Ultima cena, ferita aperta

C'è un dettaglio dell'Ultima Cena di Leonardo a cui bisogna prestare molta attenzione: è il secondo gruppo di apostoli da sinistra. E parla a tutti noi. GIUSEPPE FRANGI

C’è un dettaglio dell’Ultima Cena di Leonardo a cui bisogna prestare molta attenzione: è il secondo gruppo di apostoli da sinistra. È lì il vero cuore della scena. Seguendo il racconto di Giovanni, Leonardo si sofferma in modo insolito rispetto alla consuetudine sul versetto 24 (il capitolo è il 31). Cioè gioca di anticipo. Gesù ha appena annunciato che qualcuno lo sta per tradire, la tavolata è stata come colta da una scossa emotiva che rompe le fila. C’è chi si alza e per la concitazione quasi si avventa su Gesù, chi un po’ pavidamente si ritrae; c’è poi il capannello di chi un po’ spaesato cerca di raccapezzarsi circa quello che sta accadendo. 

Solo quei tre sembrano invece lucidi e anche determinati. Il più lucido è Pietro che ha individuato subito la strategia: deve convincere Giovanni, il più amato da Gesù, a farsi dire il nome del traditore. Ed è proprio questo l’istante che Leonardo blocca nel fotogramma della sua Ultima Cena. Pietro ha appoggiato la mano sulla spalla di Giovanni e all’orecchio gli sta dando quel consiglio che suona un po’ come un ordine: nell’altra mano del resto Pietro tiene già il coltello che userà poche ore dopo quando per difendere Gesù da chi lo voleva arrestare, avrebbe tagliato l’orecchio al servo del sommo sacerdote Malco. 
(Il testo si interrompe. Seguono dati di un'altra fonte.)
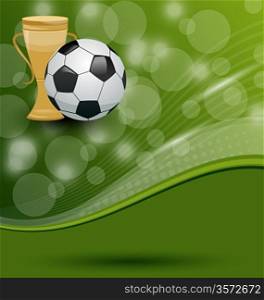 Illustration football card with ball and prize - vector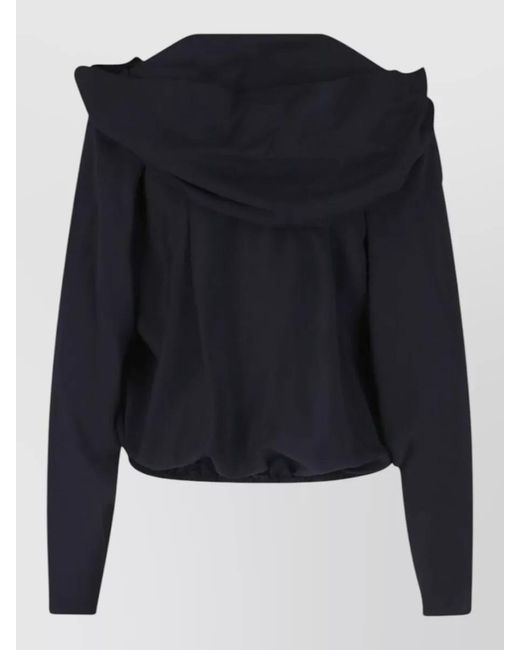 Alexander Wang Blue Hooded Cropped Sweatshirt Long Sleeve Design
Giovanni ascolta il leader. Ha lo sguardo chinato, già pieno di una infinita tristezza. Si chinerà di lì a poco sul petto di Gesù, ma sembra che per l’intesa profonda che lo lega al Signore abbia pieno presentimento di quel che accadrà. Leonardo, poi, con un colpo di genio, chiude questo triangolo con la figura di Giuda. Tra tutte le figure è l’unica in controluce: ne vediamo solo il profilo nell’ombra, ma basta quello per capire che ormai è caduto prigioniero della disperazione. Con una mano stringe il sacchetto dei denari. Con l’altra sta invece per prendere un pezzo di pane, disponendosi in questo modo, del tutto inconsapevolmente, al segno di riconoscimento che tra qualche istante Gesù avrebbe dato. Tra Pietro, Giovanni e Giuda ci troviamo di fronte ad un triangolo che concentra tutto il dramma, le paure, la ribellione rispetto a quello che stava accadendo attorno al tavolo. È un momento in cui nessuno può più nascondersi, nemmeno Giuda; in cui l’umano viene messo a nudo. 

In genere le rappresentazioni delle Ultime cene prediligono invece l’attimo successivo. Quello in cui Giovanni mette il suo volto sul petto di Gesù e sembra che le cose si possano mettere a posto: il traditore ha un nome, gli altri sono scagionati, forse qualcuno pensa di poter addirittura arginare l’azione del male. È una pia illusione, come le vicende avrebbero dimostrato. Ma un’Ultima Cena così è più consolante per il cuore dei fedeli. E il cuore dei fedeli ha sempre bisogno di consolazione…

Leonardo invece sceglie di lasciare aperta la ferita. Pur con la meravigliosa e slanciata armonia che tutti riconosciamo nella sua composizione è paradossalmente il più inquieto. In questo lo sentiamo anche tanto più moderno (non è un caso che anche un “modernissimo” come Andy Warhol ne sia stato conquistato e ne abbia dipinte decine e decine di varianti). La sua Ultima Cena è quella in cui tutte le domande sono aperte e non è ancora arrivata quell’unica fragile risposta a cui potersi appigliare. È il momento in cui l’onda di un’umanità in subbuglio cerca uno sguardo a cui appoggiarsi. Lo cerca e lo domanda, con le sue (e nostre) povertà e a volte con la sua (e nostra) pusillanimità. Quella di Leonardo non è un’icona. È piuttosto il fotogramma di un film. Un film per il nostro Giovedì Santo di uomini del terzo millennio.